Living with antiques doesn’t mean going fuddy-duddy. Maselli recommends that each room hold at least one or two antiques to anchor the room. Once these have been carefully selected, a homeowner can punctuate the room with more contemporary furniture, art or accessories. “Go for the unexpected: a massive modern glass cocktail table works beautifully with frilly French chairs,” she says. “Or a painting of simple modern art placed over a formal English chest looks wonderful! Believe me, if you do a room in all antiques of the same period, your room will be stuffy and uninviting, more like a furniture showroom than an interesting house.”
Maselli says the most important part of decorating with antiques is the editing process. Too many homeowners save grandmother’s big brown stuff out of sentiment and end up with a house that looks like Granny decorated it. She says to hold onto only the pieces you truly love and then blend in your own look.
In a recent redecoration she did for a client in Natchez, Miss., Maselli was faced with a room anchored by a four-poster Mallard tester bed (draped in miles of fabric) and filled with heavy antiques. The floor was covered with a dark Oriental rug. Despite its size, the massive bed was lost. To the owner’s horror, Maselli emptied the room of all draperies, antiques and the rug. She immediately eliminated five large antiques and carefully added end tables and a delicate French iron daybed at the foot of the Mallard piece. She then painted the walls a soft neutral color, covered the windows in vanilla linen draperies, removed all fabric from the bed and added a simple Leontine Linens piqué coverlet. She covered the floor in a sea-grass rug. The result: The Mallard bed became the eye-popping focus of this tailored, simple room. The owner was thrilled with the new cutting-edge twist to her antiques.

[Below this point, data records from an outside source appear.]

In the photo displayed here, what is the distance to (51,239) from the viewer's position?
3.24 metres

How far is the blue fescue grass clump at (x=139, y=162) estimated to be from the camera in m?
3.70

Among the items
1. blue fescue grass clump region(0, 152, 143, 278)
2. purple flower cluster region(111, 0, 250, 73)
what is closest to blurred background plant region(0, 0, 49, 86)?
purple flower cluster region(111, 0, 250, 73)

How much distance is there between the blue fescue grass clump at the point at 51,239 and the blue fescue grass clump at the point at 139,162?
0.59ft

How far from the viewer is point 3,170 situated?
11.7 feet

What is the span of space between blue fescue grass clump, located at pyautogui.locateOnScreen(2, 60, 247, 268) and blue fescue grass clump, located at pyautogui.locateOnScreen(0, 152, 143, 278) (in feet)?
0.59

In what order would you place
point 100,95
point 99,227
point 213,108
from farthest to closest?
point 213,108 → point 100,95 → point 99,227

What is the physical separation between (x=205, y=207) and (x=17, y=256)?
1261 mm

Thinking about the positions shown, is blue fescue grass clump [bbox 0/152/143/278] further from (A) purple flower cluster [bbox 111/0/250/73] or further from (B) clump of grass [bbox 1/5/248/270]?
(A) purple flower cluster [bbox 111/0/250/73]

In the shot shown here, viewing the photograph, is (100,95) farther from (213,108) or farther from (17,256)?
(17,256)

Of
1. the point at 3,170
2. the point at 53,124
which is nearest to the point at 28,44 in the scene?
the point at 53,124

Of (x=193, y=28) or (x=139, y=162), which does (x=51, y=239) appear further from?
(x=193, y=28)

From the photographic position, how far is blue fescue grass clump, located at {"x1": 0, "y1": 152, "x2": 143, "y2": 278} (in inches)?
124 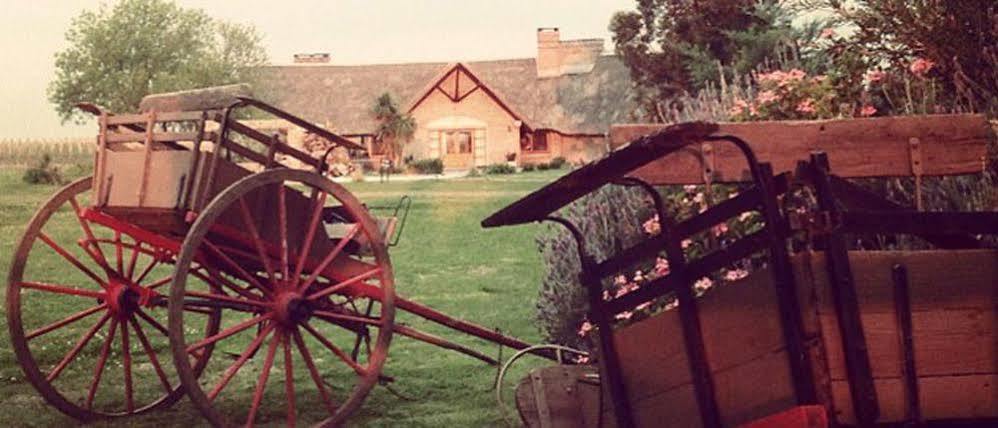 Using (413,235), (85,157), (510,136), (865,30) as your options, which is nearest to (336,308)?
(865,30)

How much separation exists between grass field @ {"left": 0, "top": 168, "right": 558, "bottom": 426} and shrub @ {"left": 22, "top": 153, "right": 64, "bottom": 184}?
24cm

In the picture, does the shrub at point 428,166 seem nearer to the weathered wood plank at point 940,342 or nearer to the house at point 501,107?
the house at point 501,107

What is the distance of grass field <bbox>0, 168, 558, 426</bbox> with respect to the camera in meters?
5.57

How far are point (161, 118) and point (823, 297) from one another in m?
3.23

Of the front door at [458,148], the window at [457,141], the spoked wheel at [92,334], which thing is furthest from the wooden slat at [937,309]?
the window at [457,141]

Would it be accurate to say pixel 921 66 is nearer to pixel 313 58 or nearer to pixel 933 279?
pixel 933 279

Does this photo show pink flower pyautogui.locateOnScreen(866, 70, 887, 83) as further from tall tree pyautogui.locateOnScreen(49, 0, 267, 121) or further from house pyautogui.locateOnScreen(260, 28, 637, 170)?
tall tree pyautogui.locateOnScreen(49, 0, 267, 121)

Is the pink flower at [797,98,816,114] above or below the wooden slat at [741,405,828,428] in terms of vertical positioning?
above

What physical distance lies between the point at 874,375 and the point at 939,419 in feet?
0.73

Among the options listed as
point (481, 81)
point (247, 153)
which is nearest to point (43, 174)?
point (247, 153)

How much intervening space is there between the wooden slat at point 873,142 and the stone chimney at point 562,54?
116 ft

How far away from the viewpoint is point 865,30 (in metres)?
5.54

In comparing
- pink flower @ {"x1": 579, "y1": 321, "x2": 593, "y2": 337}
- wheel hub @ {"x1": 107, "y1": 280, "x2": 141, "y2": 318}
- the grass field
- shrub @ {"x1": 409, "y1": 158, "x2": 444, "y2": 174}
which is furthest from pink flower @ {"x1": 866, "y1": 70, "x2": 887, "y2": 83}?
shrub @ {"x1": 409, "y1": 158, "x2": 444, "y2": 174}

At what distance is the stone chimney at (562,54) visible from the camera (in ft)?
126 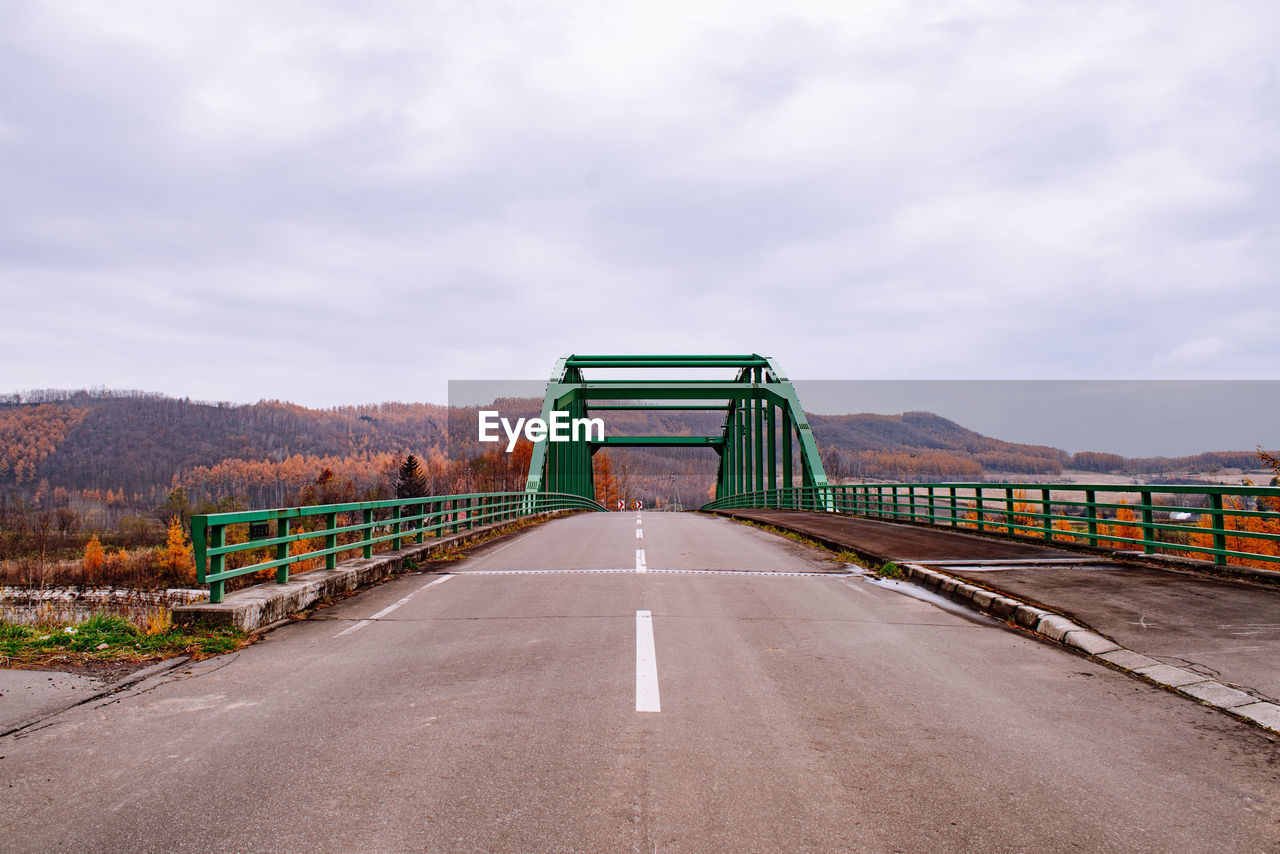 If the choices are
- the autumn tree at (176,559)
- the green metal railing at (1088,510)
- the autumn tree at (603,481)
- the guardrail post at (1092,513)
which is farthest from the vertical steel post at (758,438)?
the autumn tree at (176,559)

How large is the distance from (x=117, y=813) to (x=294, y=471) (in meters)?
203

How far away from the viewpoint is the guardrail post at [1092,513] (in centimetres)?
1180

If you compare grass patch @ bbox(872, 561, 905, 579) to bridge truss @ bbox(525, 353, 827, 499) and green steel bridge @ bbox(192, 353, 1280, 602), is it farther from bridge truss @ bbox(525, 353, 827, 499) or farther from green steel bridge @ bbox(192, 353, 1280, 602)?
bridge truss @ bbox(525, 353, 827, 499)

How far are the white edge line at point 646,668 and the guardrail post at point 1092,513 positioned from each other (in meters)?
8.48

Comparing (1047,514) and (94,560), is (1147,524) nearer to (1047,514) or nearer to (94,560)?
(1047,514)

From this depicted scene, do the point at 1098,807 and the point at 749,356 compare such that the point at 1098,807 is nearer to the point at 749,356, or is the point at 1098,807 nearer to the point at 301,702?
the point at 301,702

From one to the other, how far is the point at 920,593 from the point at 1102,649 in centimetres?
331

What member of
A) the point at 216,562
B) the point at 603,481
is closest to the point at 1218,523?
the point at 216,562

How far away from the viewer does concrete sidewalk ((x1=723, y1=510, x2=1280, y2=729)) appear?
17.7ft

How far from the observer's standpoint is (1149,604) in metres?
7.56

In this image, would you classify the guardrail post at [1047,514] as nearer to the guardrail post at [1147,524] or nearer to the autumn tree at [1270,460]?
the guardrail post at [1147,524]

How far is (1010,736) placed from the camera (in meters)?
3.99

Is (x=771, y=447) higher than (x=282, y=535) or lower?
higher

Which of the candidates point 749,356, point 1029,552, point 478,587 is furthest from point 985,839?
point 749,356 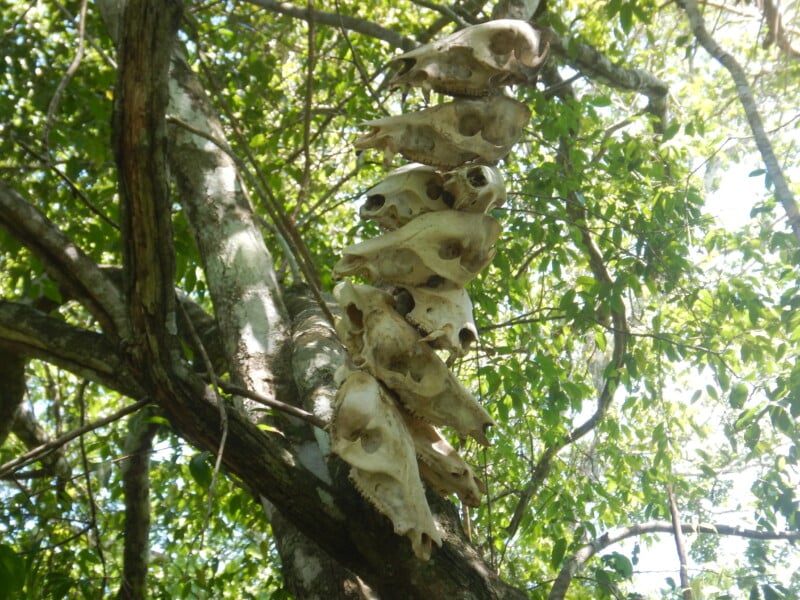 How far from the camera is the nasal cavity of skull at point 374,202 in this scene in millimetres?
1533

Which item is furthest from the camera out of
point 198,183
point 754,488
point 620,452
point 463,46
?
point 620,452

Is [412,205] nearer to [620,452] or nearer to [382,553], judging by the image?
[382,553]

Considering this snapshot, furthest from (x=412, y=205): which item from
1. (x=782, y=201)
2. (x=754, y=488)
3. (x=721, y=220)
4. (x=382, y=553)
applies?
(x=721, y=220)

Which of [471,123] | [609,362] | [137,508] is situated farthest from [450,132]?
[609,362]

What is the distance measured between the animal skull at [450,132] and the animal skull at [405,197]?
5 cm

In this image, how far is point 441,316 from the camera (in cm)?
144

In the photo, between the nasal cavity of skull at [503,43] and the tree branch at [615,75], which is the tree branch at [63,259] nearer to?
the nasal cavity of skull at [503,43]

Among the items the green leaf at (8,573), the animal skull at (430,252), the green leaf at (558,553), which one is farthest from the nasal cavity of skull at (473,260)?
the green leaf at (558,553)

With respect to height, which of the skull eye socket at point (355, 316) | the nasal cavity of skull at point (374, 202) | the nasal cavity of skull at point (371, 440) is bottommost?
the nasal cavity of skull at point (371, 440)

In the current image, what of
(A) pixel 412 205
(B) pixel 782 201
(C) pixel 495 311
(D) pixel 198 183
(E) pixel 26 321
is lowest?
(A) pixel 412 205

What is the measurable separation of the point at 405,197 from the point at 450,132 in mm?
163

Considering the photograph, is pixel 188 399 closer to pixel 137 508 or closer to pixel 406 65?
pixel 406 65

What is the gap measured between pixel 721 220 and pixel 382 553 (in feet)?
13.8

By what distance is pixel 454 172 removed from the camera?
59.2 inches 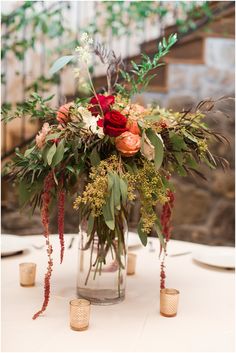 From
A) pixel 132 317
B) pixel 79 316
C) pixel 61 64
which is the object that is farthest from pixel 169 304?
pixel 61 64

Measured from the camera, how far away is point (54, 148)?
3.14ft

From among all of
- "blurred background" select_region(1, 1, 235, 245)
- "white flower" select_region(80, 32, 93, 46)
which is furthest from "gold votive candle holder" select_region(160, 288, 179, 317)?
"blurred background" select_region(1, 1, 235, 245)

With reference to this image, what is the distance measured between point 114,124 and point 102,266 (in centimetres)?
34

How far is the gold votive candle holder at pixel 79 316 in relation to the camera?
36.6 inches

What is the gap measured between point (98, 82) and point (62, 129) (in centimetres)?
232

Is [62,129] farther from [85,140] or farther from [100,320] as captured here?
[100,320]

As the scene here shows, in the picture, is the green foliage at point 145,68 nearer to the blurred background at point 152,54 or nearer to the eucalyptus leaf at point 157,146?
the eucalyptus leaf at point 157,146

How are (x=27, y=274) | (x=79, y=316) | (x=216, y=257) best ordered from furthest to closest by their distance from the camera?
1. (x=216, y=257)
2. (x=27, y=274)
3. (x=79, y=316)

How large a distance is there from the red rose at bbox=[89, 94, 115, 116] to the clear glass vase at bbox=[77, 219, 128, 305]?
0.26 metres

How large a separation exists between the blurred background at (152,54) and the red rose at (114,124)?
2.25m

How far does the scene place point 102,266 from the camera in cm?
109

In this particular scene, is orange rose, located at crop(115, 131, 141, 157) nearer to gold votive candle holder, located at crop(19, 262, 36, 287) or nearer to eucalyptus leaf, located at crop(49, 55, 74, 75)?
eucalyptus leaf, located at crop(49, 55, 74, 75)

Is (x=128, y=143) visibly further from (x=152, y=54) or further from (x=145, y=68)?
(x=152, y=54)

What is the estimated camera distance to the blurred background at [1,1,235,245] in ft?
10.4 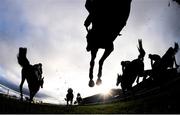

Karla Katz, owner of the eponymous store on Magazine Street, agrees that too much of a good thing can destroy a look. “The biggest mistake in decorating is a room that tries too hard,” says Katz, who has collaborated with Maselli on past projects. Just as too many antiques can make a room stuffy, too many modern elements can get too sleek and angular, making a room feel cold. Katz also urges a serious editing process at the beginning of the project, followed by slowly adding rich, warm antiques and modern art and accessories to the mix.
She also recommends avoiding what she calls “goop,” the furniture you don’t love but buy anyway. “Find pieces you want for life, then use them; don’t hodgepodge more stuff to accumulate more dust,” she advises.
A well-loved home is always a work in progress. Both Katz and Maselli admit their own homes are never finished because they both love to collect good pieces, but throughout the process, they buy and eliminate or switch furniture and art around to different rooms. Most important, they always buy good quality. “In living with antiques, don’t gild the lily,” cautions Maselli. “One good piece can stand by
itself.” Then the homeowners and their decorators can slowly and carefully take it from there.